We head back toward I-10 to start over. This time, Sandy directs us through the red light and keeps us on the service road for two blocks to a street which leads to the left. After passing two churches and a graveyard we are directed to turn right on a busy thoroughfare. Time passes and Sandy remains silent. We do not see this busy thoroughfare on Sandy’s ‘face’ but we do see what appears to be water ahead. At this moment Sandy begins to murmur, “Recalculating…recalculating.”

“Stop at the next service station and let’s find out where we are, for goodness sake!” Oh, foolish Brenda, would Freemon Miles or any man succumb to stopping to ask directions?

Sandy’s recalculating takes us back in the opposite direction but Freemon’s faith in Sandy has not yet wavered…calling her mistake a “simple miscalculation.” We finally arrive for the third time back on I-10 but, this time the state capital is in view. I-10 East curves right and becomes I-10 South. Once more Snippy Sandy instructs us to turn at the next exit and take a left under the ‘motorway’ and follow with a sharp right. After what seems forever to me, we begin to pass structures that resemble dormitories and classroom buildings. We take the next right, as prompted, and it morphs into a roundabout, for crying out loud!

After circling the thing four times, I shouted, “Freemon, stop! Stop right now! Can’t you see we must be in the middle of the LSU campus without a motel in sight? Why didn’t I write down the phone number of this place? It’s already dark outside. Pull over NOW! I will call information and get this motel’s number and I will write down the directions as any sensible person should have done in the first place.” My high-pitched, shaky voice rarely surfaces, but when it does he knows he’d better pay attention. With his jaw flexing, he reluctantly pulls into a parking space that is intended for “Faculty Only.”

I make my call, write down the directions, we make only a few turns and we are at our motel. It was just after 9:00. Two hours for a 58 mile trip from Lafayette to our Baton Rouge motel! Snippy Sandy was disconnected the next morning before I would get inside the car.

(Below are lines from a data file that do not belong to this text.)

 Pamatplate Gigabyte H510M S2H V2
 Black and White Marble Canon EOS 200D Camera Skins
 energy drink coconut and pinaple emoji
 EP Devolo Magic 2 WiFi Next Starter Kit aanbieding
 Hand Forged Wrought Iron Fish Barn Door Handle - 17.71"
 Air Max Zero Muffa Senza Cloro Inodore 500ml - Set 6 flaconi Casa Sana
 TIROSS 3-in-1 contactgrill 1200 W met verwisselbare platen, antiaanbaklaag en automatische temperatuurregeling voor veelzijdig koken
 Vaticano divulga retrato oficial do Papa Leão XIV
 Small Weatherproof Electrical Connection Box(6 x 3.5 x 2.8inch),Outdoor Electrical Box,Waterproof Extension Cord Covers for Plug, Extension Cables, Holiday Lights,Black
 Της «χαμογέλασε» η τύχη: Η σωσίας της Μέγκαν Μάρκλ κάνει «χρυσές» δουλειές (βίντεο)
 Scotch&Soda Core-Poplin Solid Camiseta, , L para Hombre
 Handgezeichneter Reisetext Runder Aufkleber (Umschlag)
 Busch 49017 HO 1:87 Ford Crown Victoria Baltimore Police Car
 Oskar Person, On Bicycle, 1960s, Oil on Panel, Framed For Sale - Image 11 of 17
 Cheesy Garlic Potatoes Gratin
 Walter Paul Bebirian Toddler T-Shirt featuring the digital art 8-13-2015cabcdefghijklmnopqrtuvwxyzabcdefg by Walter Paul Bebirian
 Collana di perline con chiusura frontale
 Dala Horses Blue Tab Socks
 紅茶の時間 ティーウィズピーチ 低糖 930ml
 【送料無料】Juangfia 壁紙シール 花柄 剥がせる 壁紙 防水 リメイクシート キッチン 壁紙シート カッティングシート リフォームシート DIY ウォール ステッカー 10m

We stopped to pick up a New Orleans city map as soon as we crossed the Lake Pontchartrain Bridge. The rest of the trip was mostly pleasant and, after a couple of weeks, my husband replaced/connected Sandy under the dash. Yet, this fiasco still makes me wonder how many other marriages were threatened during these early experiences in navigational technology? But, perhaps, I’m being too hasty … I probably need to recalculate.